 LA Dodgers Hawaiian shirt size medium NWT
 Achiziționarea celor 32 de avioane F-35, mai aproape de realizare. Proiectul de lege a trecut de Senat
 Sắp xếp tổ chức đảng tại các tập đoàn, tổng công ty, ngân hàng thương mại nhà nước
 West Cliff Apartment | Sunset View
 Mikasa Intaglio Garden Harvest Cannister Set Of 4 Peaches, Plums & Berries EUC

━━━━━━━━━━━━━━━━━━━━

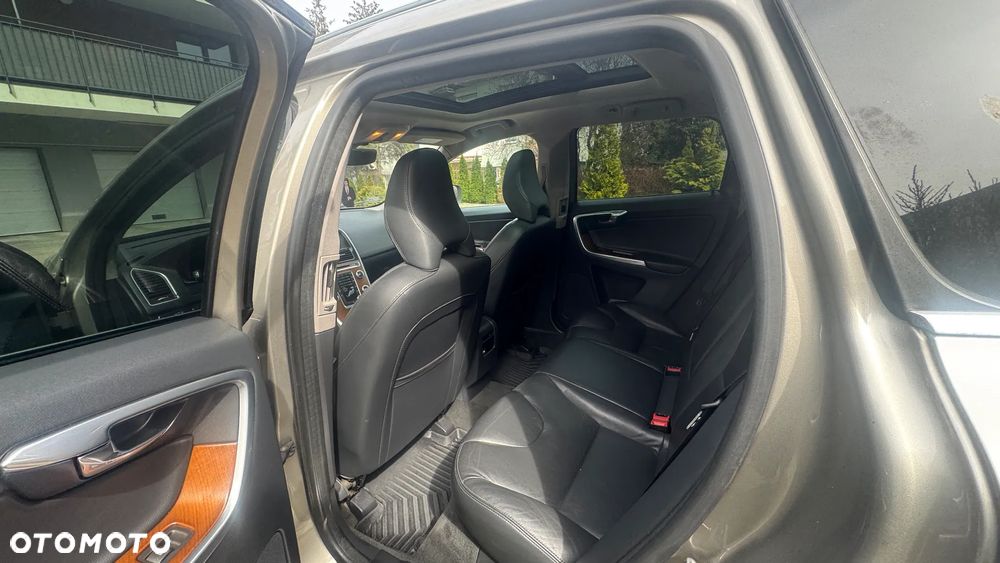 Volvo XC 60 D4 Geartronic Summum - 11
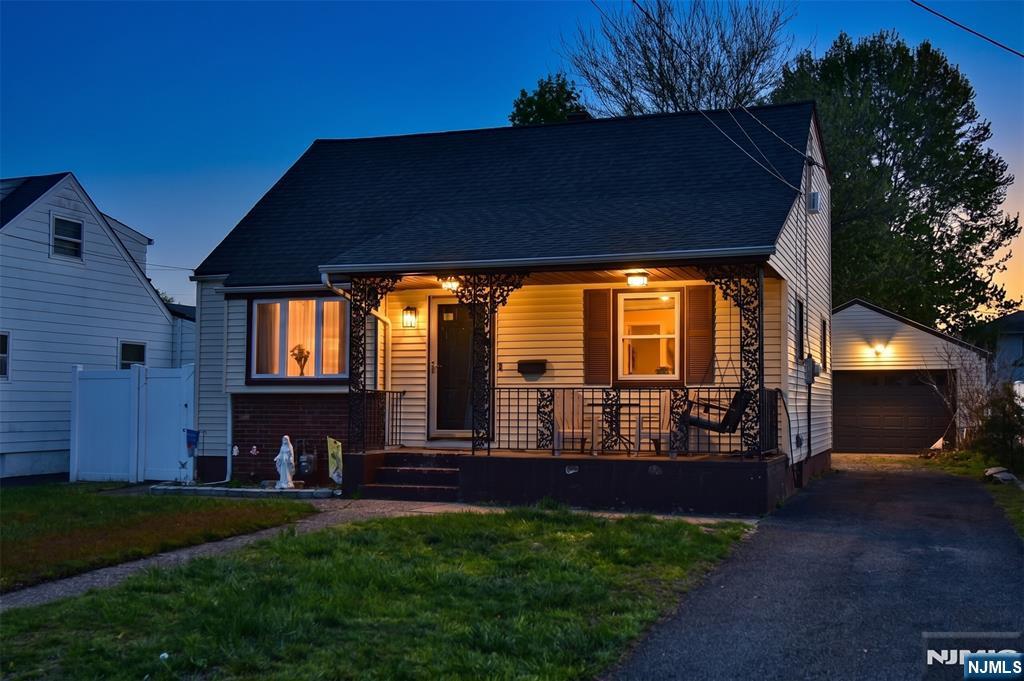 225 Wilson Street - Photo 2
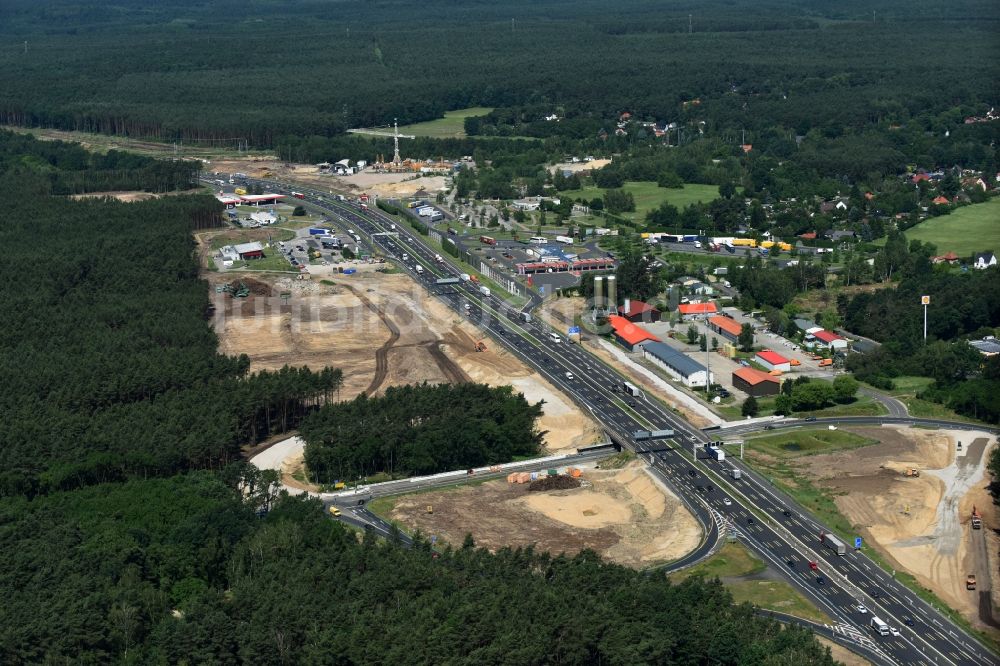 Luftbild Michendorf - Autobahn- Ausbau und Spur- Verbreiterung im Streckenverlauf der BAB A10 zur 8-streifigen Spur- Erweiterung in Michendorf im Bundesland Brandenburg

━━━━━━━━━━━━━━━━━━━━

▸ Your task: Nothing but the lines from the one with "Volvo XC 60 D4 Geartronic Summum - 11" up to and including the one with "Luftbild Michendorf - Autobahn- Ausbau" should be printed, exactly as they read above. Please keep the pictures out.

▸ Task output:
 Volvo XC 60 D4 Geartronic Summum - 11
 225 Wilson Street - Photo 2
 Luftbild Michendorf - Autobahn- Ausbau und Spur- Verbreiterung im Streckenverlauf der BAB A10 zur 8-streifigen Spur- Erweiterung in Michendorf im Bundesland Brandenburg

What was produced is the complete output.